Esta reportagem faz parte de uma série de entrevistas feitas pela BBC Brasil com três dos candidatos mais bem colocados nas pesquisas para a Prefeitura de São Paulo. Foram entrevistados João Doria (PSDB), Fernando Haddad (PT) e Luiza Erundina (PSOL). Convidados, Celso Russomanno (PRB) e Marta Suplicy (PMDB) negaram os pedidos de entrevista. Major Olímpio (SDD) teve problemas de agenda.
A candidata à Prefeitura de São Paulo pelo PSOL, Luiza Erundina, de 82 anos, é aplaudida ao pisar no saguão do prédio da Faculdade de História da USP. Mas nenhum dos cerca de 400 jovens é tão efusivo como a vendedora de artesanato Yara Maria dos Santos, de 60 anos.

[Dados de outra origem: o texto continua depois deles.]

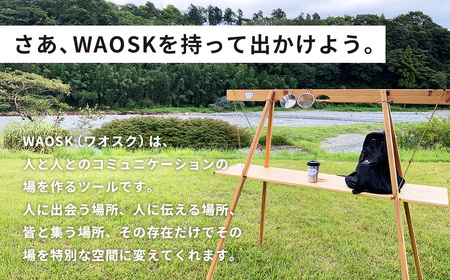 シンプル 機能的 組み立て テーブル WAOSK!!（ワオスク）| 軽量 折り畳み オリジナル デザイン 持ち運び キャンプ アウトドア キャンプギア 屋台 マルシェ 立ち飲み スタンド ディスプレイ アート 展示用 イベント ポップアップストア 木製 手作り ミニマル 簡単 WAO 神奈川 秦野 | 267-02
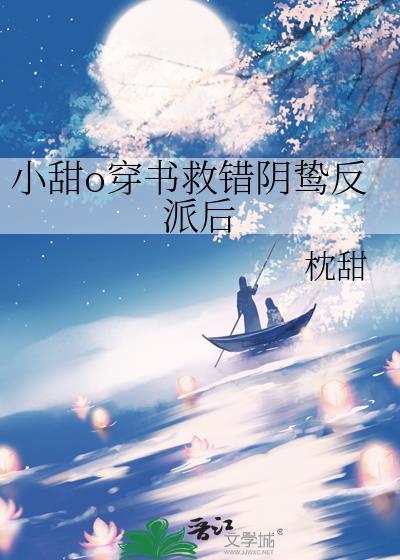 小甜o穿书救错阴鸷反派后未删减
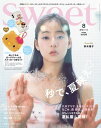 【電子書籍なら、スマホ・パソコンの無料アプリで今すぐ読める!】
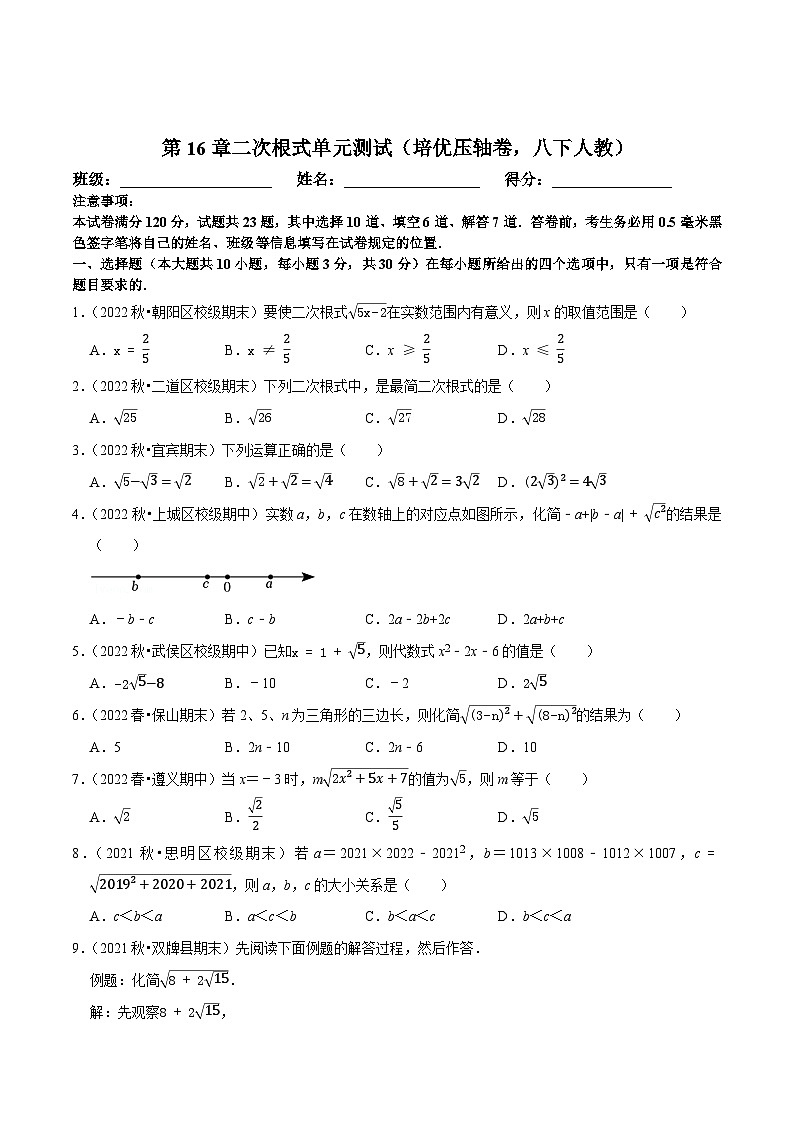 八年级数学下册尖子生培优必刷题 第16章二次根式单元测试(培优压轴卷)(原卷版+解析)第1页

Aos prantos, ela corre para abraçar a candidata e a presenteia com um cachecol vermelho. "Estou muito emocionada porque trabalho aqui há 30 anos e hoje tenho a oportunidade de ver a Erundina no mesmo lugar onde, há 30 anos, ela derrubou Jânio Quadros. Vou votar nela porque tem coerência", disse Santos.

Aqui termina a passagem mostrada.